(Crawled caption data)
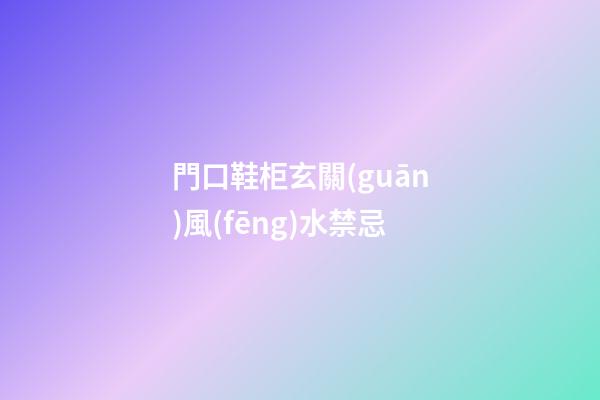 門口鞋柜玄關(guān)風(fēng)水禁忌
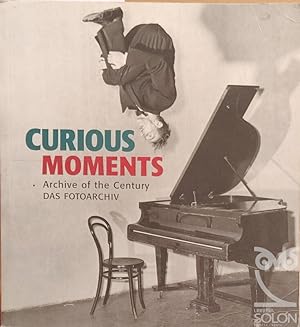 Curious Moments. Archive of the Century - DAS FOTOARCHIV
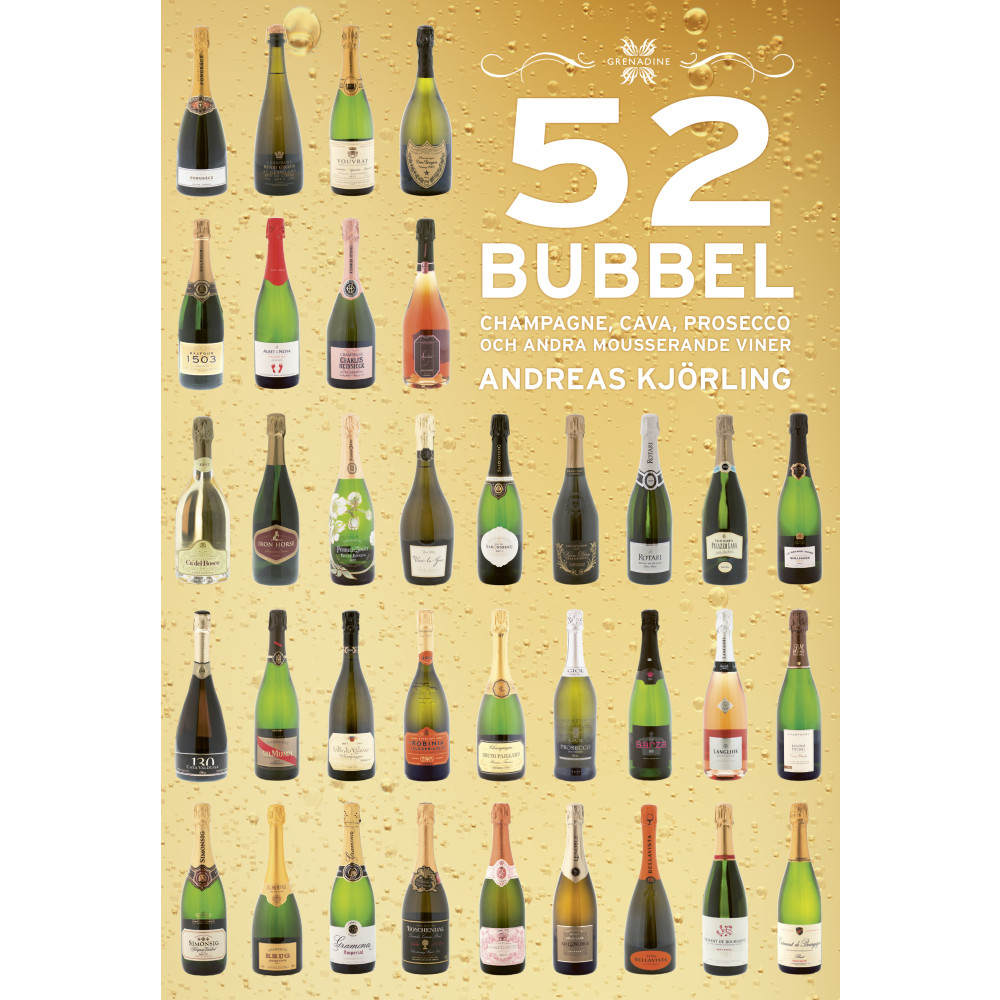 52 Bubbel : Champagne, Cava, Prosecco och andra mousserande viner (inbunden) Andreas Kjörling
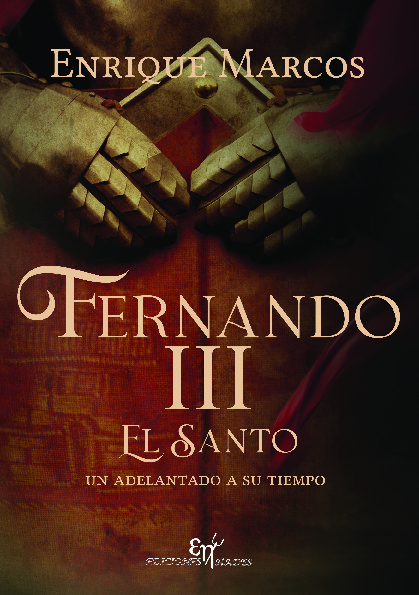 FERNANDO III EL SANTO, UN ADELANTADO A SU TIEMPO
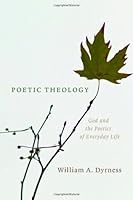 Poetic Theology: God and the Poetics of Everyday Life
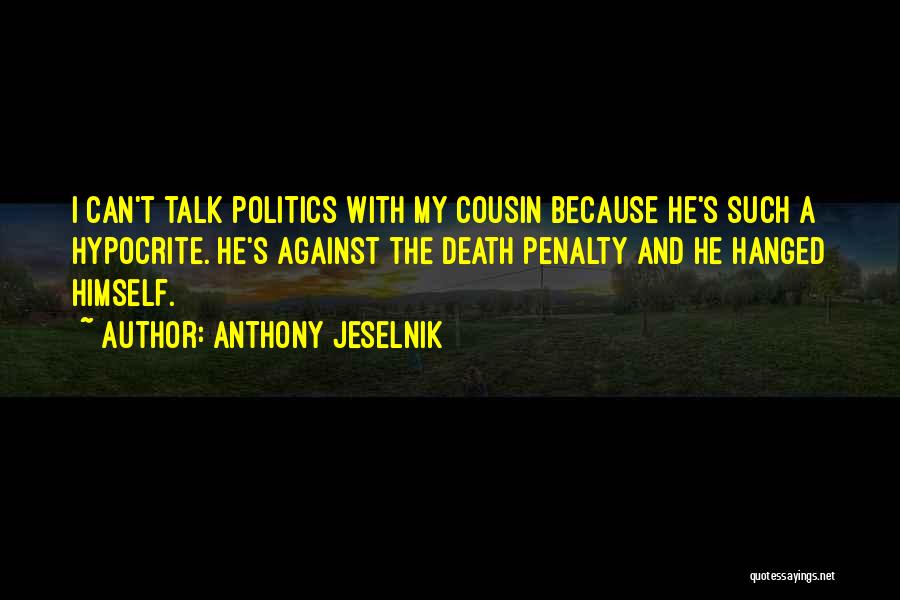 Anthony Jeselnik Quotes: I Can't Talk Politics With My Cousin Because He's Such A Hypocrite. He's Against The Death Penalty And He Hanged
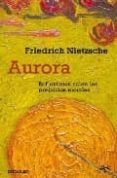 aurora: reflexiones sobre los prejuicios morales-friedrich nietzsche-9788483468531 aurora: reflexiones sobre los prejuicios morales-friedrich nietzsche-9788483468531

TASK PROMPT
Both boundary lines included, write out word for word only the lines above from the one containing "Poetic Theology: God" to the one containing "Anthony Jeselnik Quotes: I", leaving out any pictures.

RESPONSE AREA
 Poetic Theology: God and the Poetics of Everyday Life
 Anthony Jeselnik Quotes: I Can't Talk Politics With My Cousin Because He's Such A Hypocrite. He's Against The Death Penalty And He Hanged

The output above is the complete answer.